Ça ne veut pas dire qu'elle est finie : c'est un processus, un work-in-progress

Je ne sais pas. Personnellement, je ne regarde jamais derrière. J'ai encore deux, trois trucs à faire, donc que j’essaye de faire. Je me suis toujours dit qu'à 80 ans, avec mon ami Jean Reno et Eric Serra, on se mettrait autour de la cheminée. Et là justement, on commencera à essayer de comprendre les lignes de ce que l'on a fait, etc. Mais pour l'instant, je n'ai pas de recul du tout… Je ne sais pas, en fait…

Le fait de ne pas vouloir regarder son passé – de le fuir ? – vous le partagez avec le personnage de Douglas, le DogMan du film…

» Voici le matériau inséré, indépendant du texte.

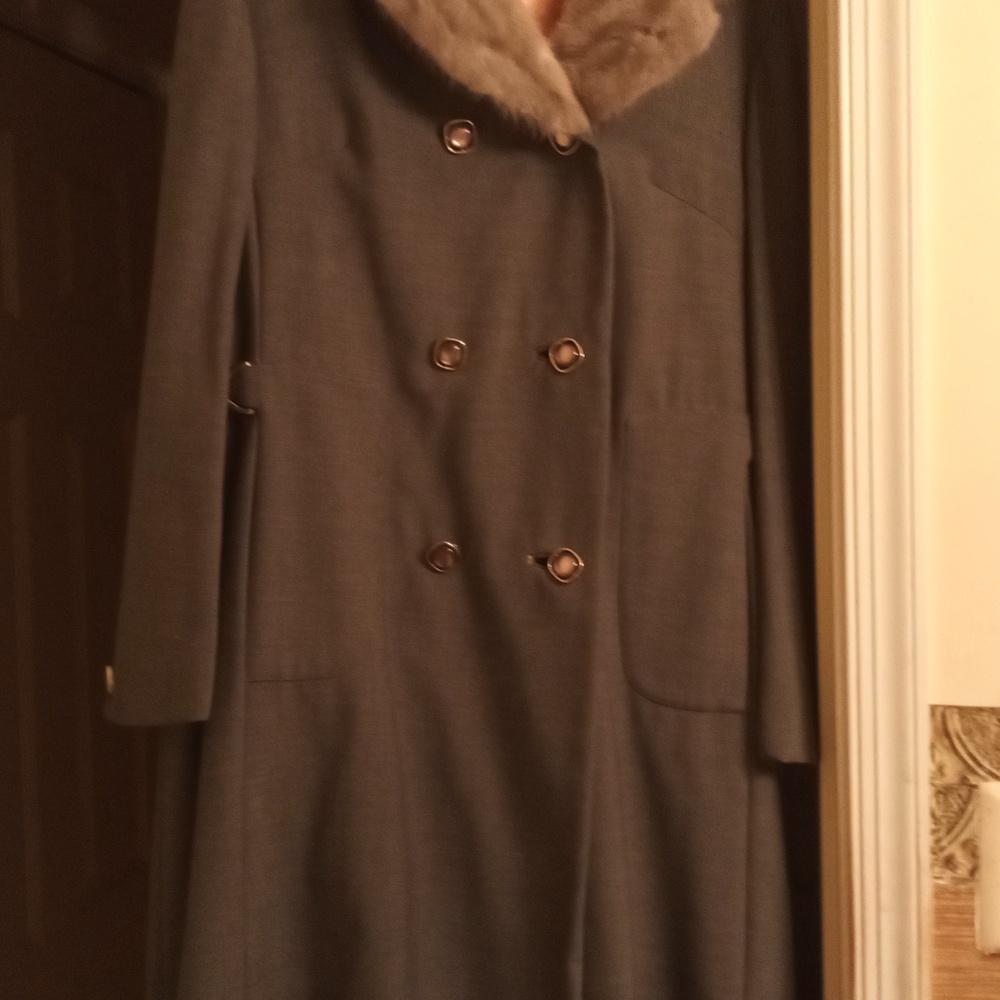 Classic Doublebreasted coat with real mink grey collar, satin lining, coat, 12
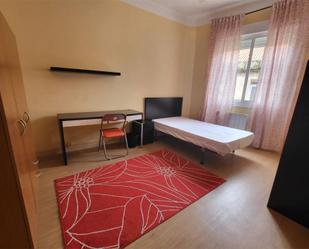 Bedroom of Flat to rent in Vigo   with Heating, Furnished and Balcony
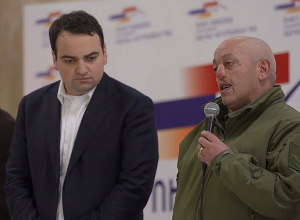 Առավոտ բերման են ենթարկել պատերազմի հերոս Կանդազին․ Նարեկ Կարապետյան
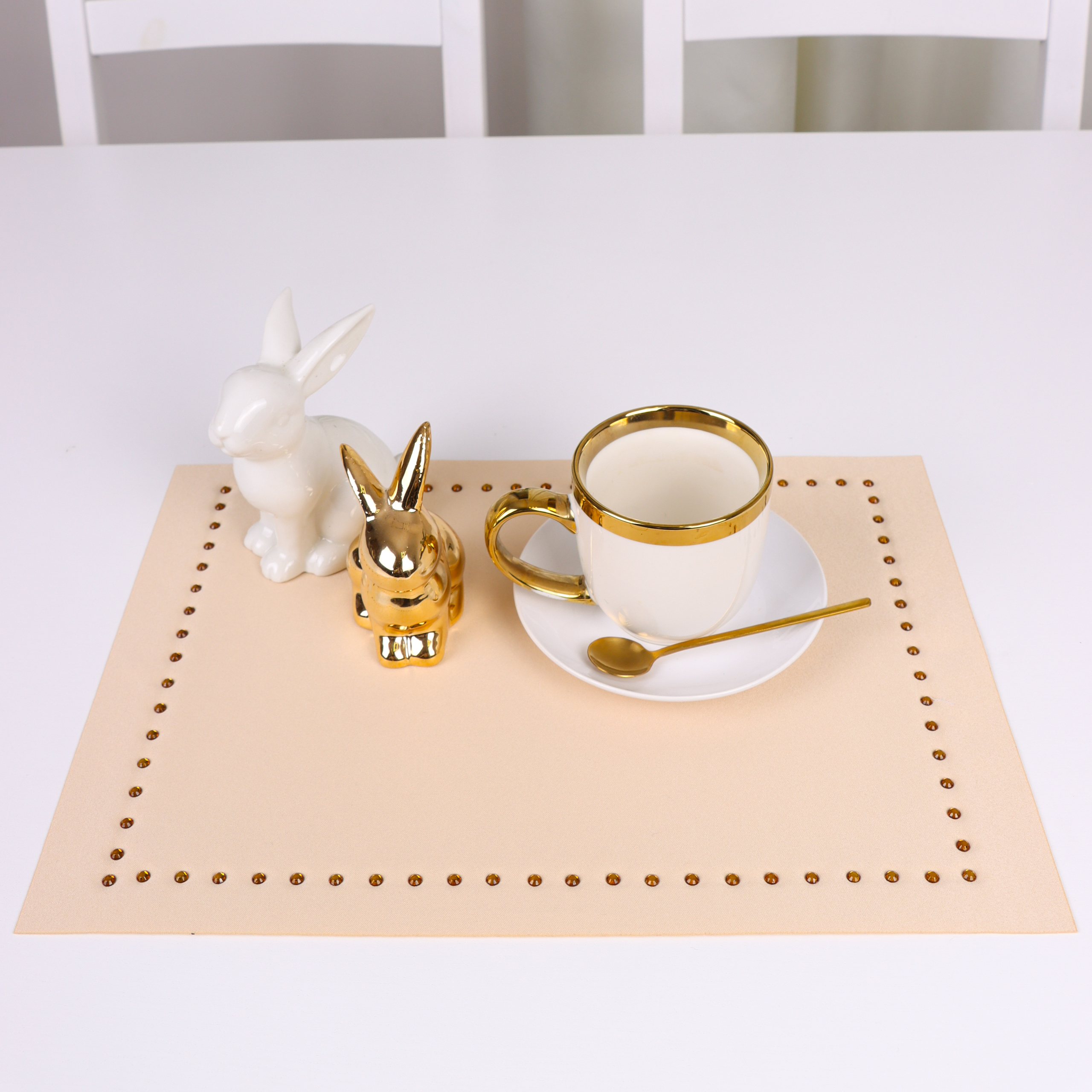 Podkładka Glamour 30×42 – Beż + złote dżety Podkładka Glamour 30×42 – Beż + złote dżety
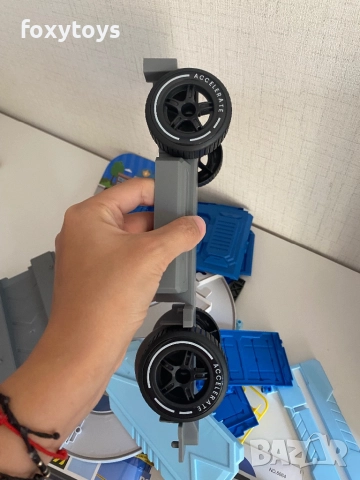 Полицейски камион - паркинг - 2 в 1, снимка 10 - Коли, камиони, мотори, писти - 51417320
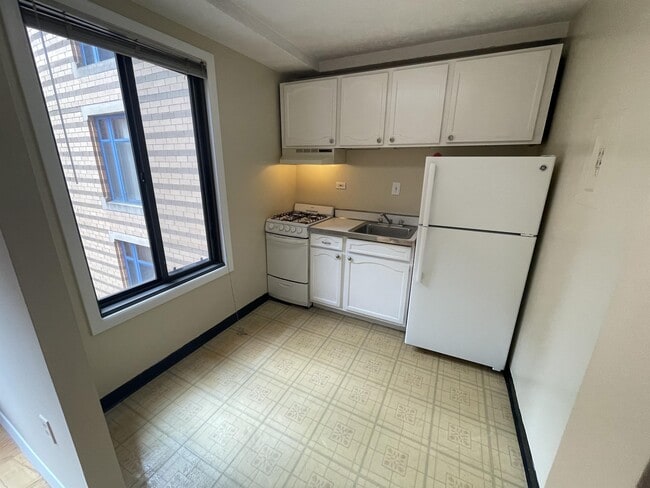 Building Photo - 1440 N St NW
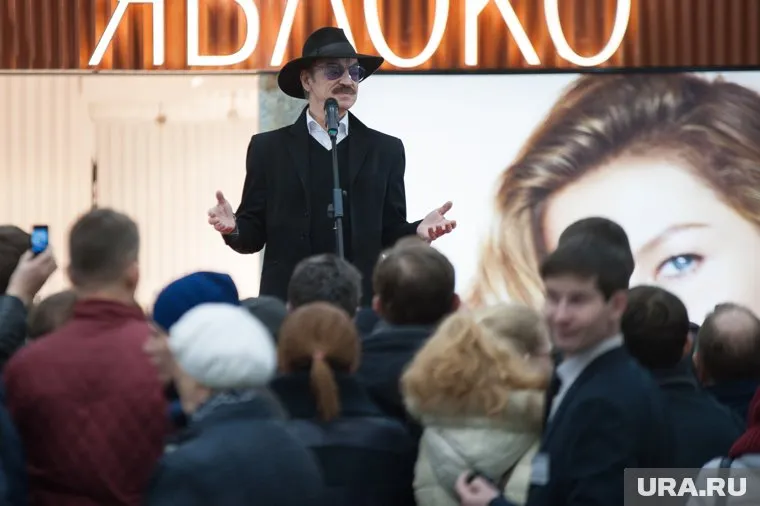 Михаил Боярский считает, что борьба с курением — это чистый бизнес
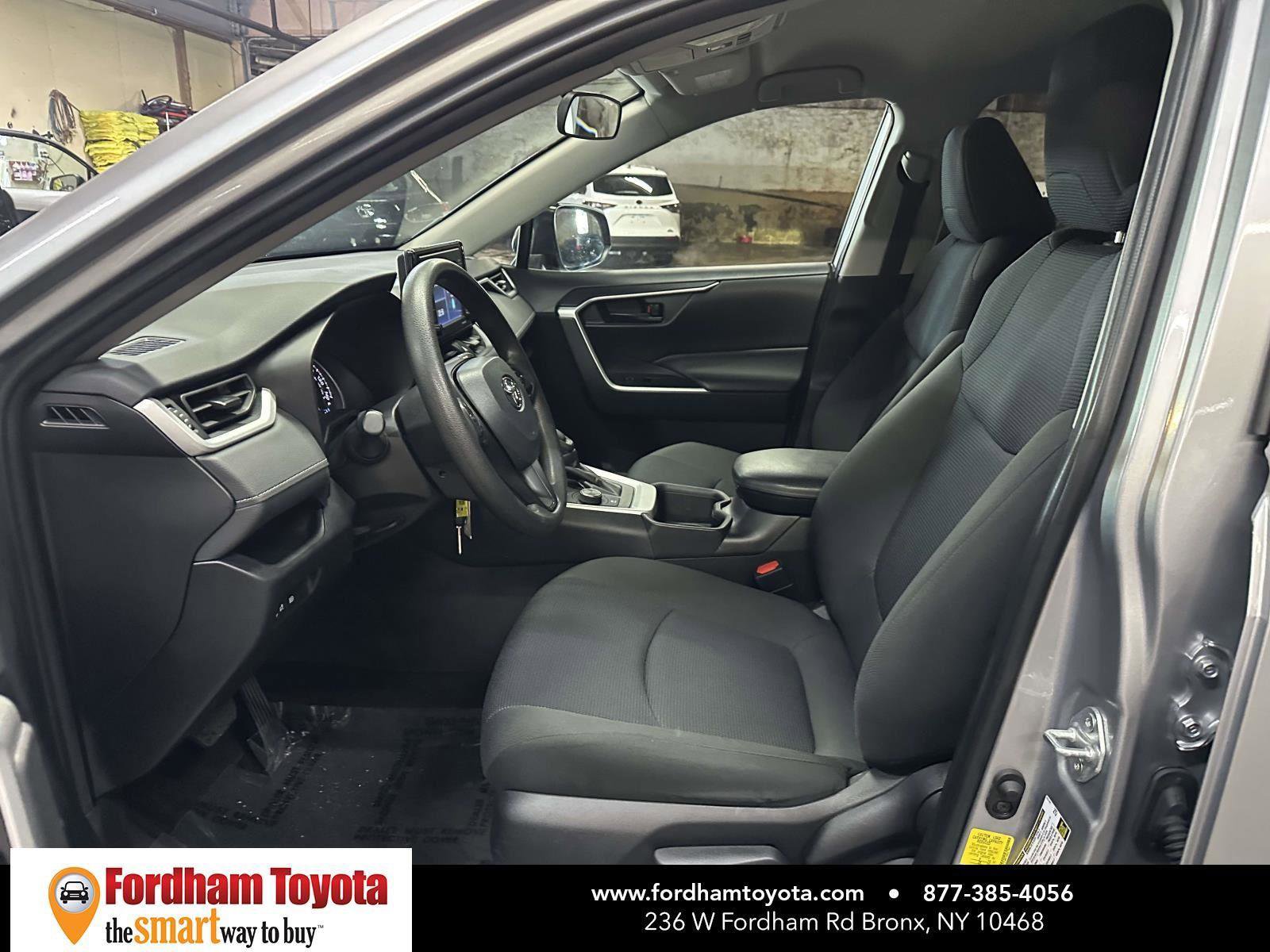 Used 2022 Toyota RAV4 LE AWD/4WD image 15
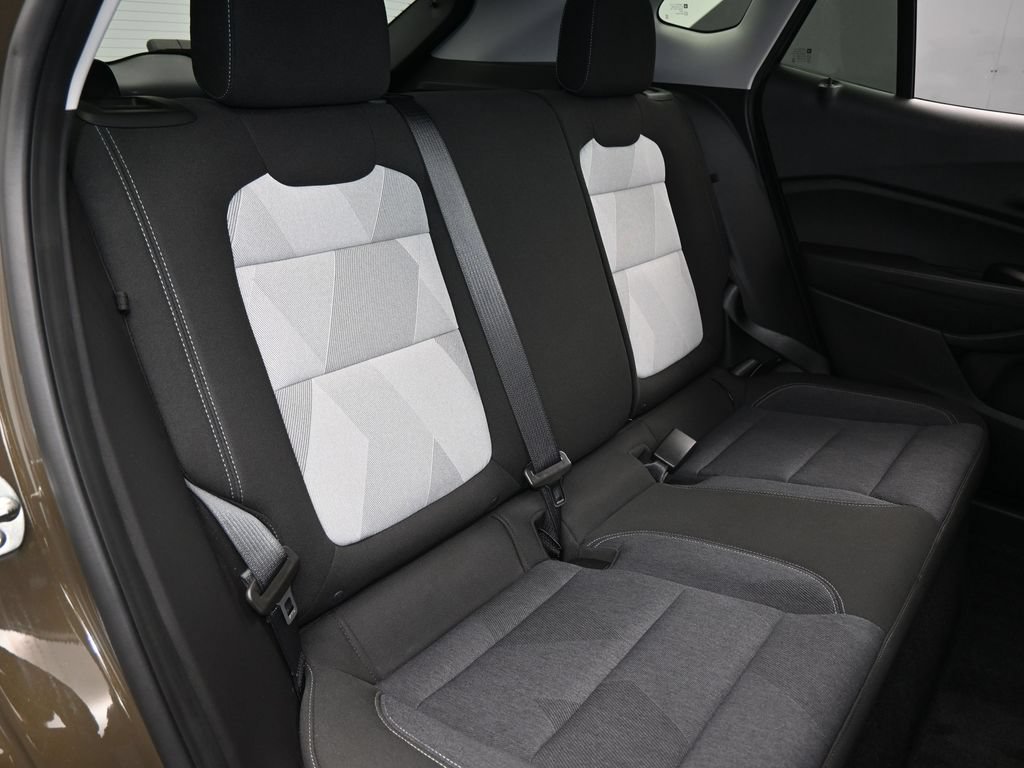 Used 2024 Chevrolet Trax LS w/ LS Convenience Package FWD image 35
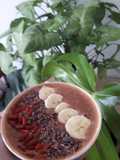 Cacao smoothie bowl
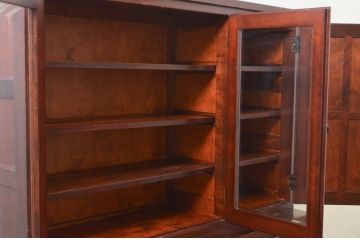 中古　美品　松本民芸家具　落ち着きのある佇まいが魅力的なサイドボード(収納棚、戸棚、飾り棚、食器棚、サイドキャビネット)(R-073710)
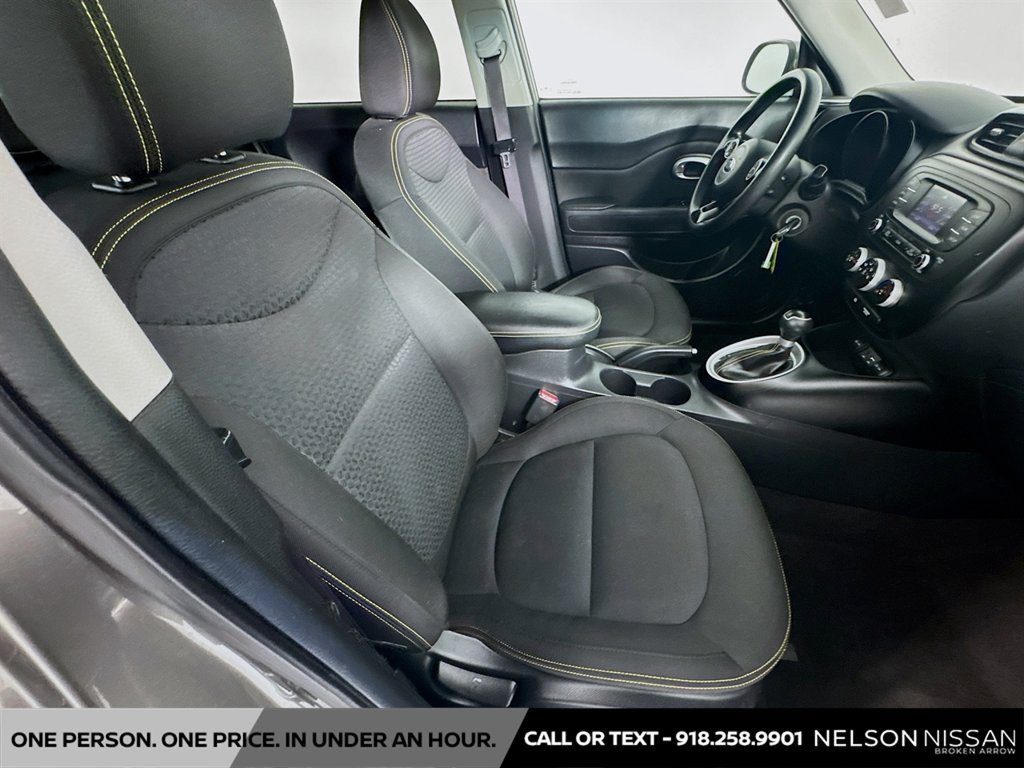 Used 2016 Kia Soul + FWD image 25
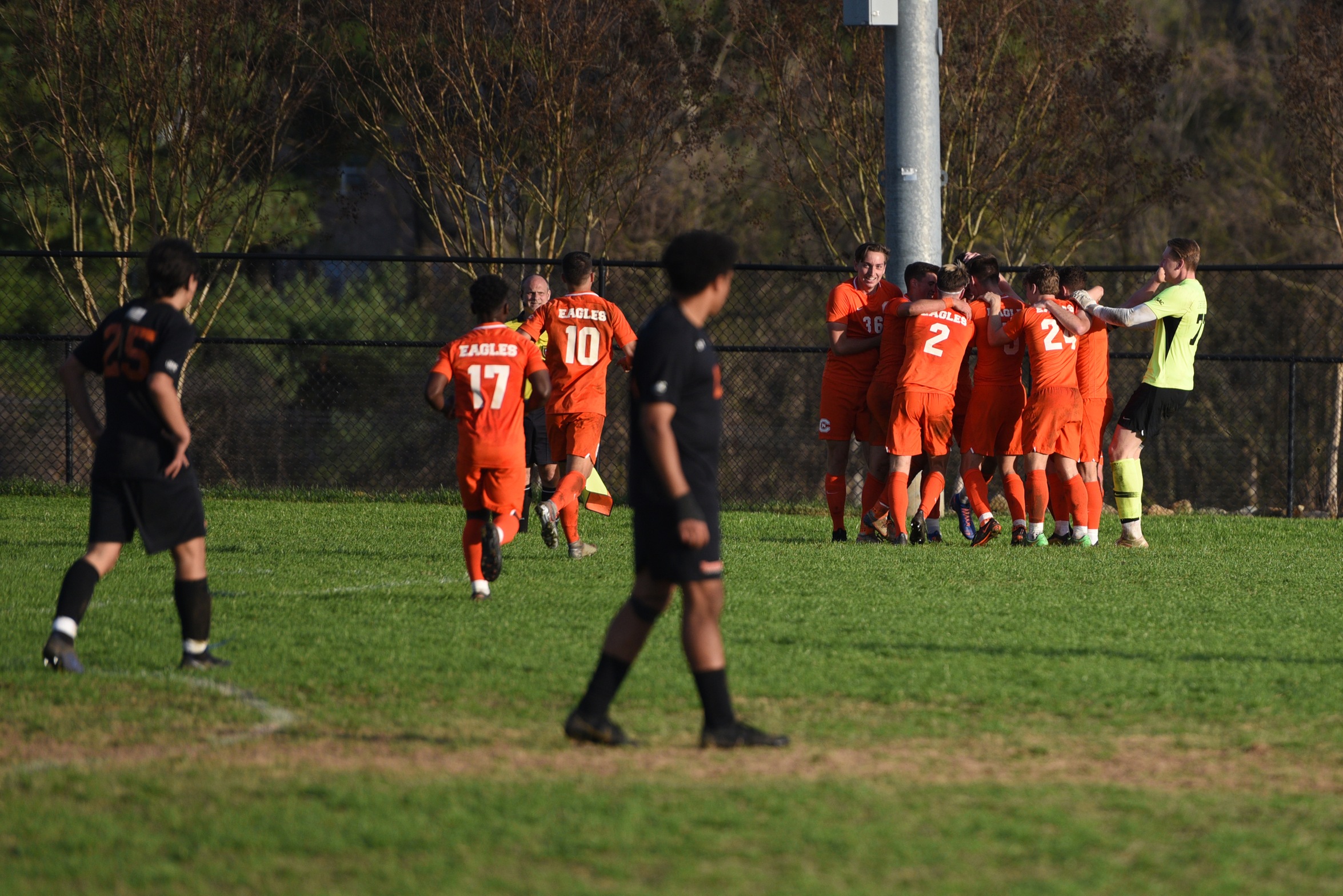Second-half scoring surges Eagles past Pioneers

Ce n’est pas tellement qu'il le fuit, c'est qu'il n'en a pas. Il n'a pas de passé émotionnel, on ne lui a pas appris à aimer. Et donc il va falloir qu'il survive, ce gamin ! Heureusement, à 10 ans, il trouve cette prof de théâtre qui va lui donner la solution. C'est la solution qu’il y a chez les artistes : si tu n'aimes pas forcément ton reflet, fais-en un autre ! Un acteur dans sa vie quotidienne d’acteur n’est pas forcément heureux, mais quand le soir il joue Richard III, il a l’impression d’être un roi. Son seul bonheur dans la vie, c’est de jouer, c’est d'être quelqu'un d'autre. Peu importe qui c’est : un mendiant, un roi, une chanteuse, une femme, un arbre, un fleur, mais être quelqu’un d’autre.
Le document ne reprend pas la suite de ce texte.